Among other things, such simulations could advance the use of silicon as a next-generation material for battery electrodes. Silicon can absorb a lot of lithium without much mass, which might make for a smaller, lighter battery that’s nonetheless more powerful and lasts longer. However, silicon also degrades considerably as a battery charges and recharges, one reason a working molecular-scale model of a silicon lithium-ion battery hasn't yet been developed.

"What we've been doing is trying to study some of the atomic-scale details of how lithium moves into the silicon surface, how it transforms the structure of the silicon, how it deforms, expands, pulverizes and then, ultimately, what the molecular properties are that we could tune to try to improve the performance," Greeley says.

Greeley's lab also works to simulate and optimize the properties of various classes of heterogeneous catalysts. Such catalysts are of critical importance for industrial processes ranging from petrochemicals processing to biomass reforming. A recent focus of this work has been the production of hydrogen from biomass; simulating this process, which involves large numbers of complex biomolecules, requires supercomputing.

Hydrogen is also important for many types of fuel cells, which are attractive as a cleaner energy source, emitting nothing but water in the case of the hydrogen-powered variety, for instance. Greeley’s work in this area involves the search for effective, but less expensive, alternatives to platinum, the catalyst commonly used in the devices now.

Greeley's simulations are based on mathematics that require lots of computational cycles to solve. "The more atoms you're simulating, the more expensive the calculations generally become. One of our goals is to move the simulations in the direction of larger systems, which in some cases can give us more realistic models of catalysts and batteries," he says.

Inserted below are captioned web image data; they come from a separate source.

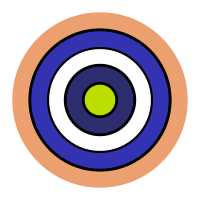 The Orange Herald boosted core design was a set of concentric spheres. Tritium and deuterium gas (green) was placed inside the uranium-235 core (dark blue), which was enclosed by a uranium-238 tamper. Explosives (orange) imploded it.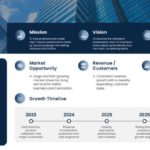 SRC Framework Business Growth PPT Template & Google Slides Theme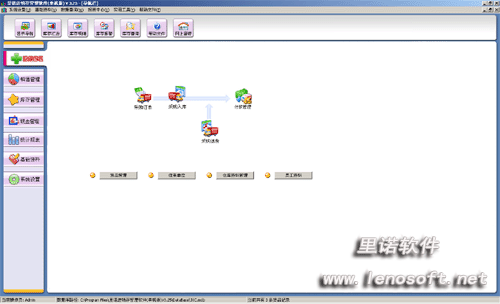 ���Z�M�N�����ܛ������؈D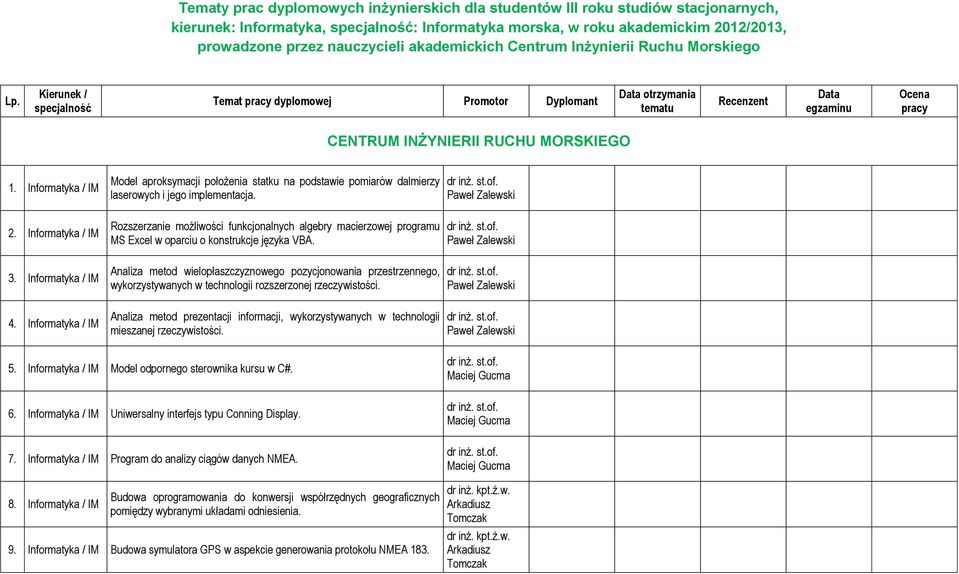 Rozszerzanie możliwości funkcjonalnych algebry macierzowej programu MS Excel w oparciu o konstrukcje języka VBA.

In addition, time scales are a factor. They’re currently limited to hundreds of picoseconds for things like figuring the trajectories of molecules. The research also involves doing calculations on numerous targets in screening for new materials with desired properties — in essence a giant search problem.

The capability of Purdue’s Carter cluster supercomputer, a competitive price to buy into the cluster and the support of ITaP Research Computing (RCAC) staff sold Greeley on the Community Cluster Program.

"Knowing there was a group of experienced professionals I could rely on for support in establishing the computational infrastructure I needed, that was very comforting," says Greeley, who joined Purdue's faculty in January 2013. "You don't have to spend months trying to get your cluster running. You don't have to spend a lot of graduate student or post-doc time to maintain or expand it, either. We can focus more on the scientific problems, which are our primary interest."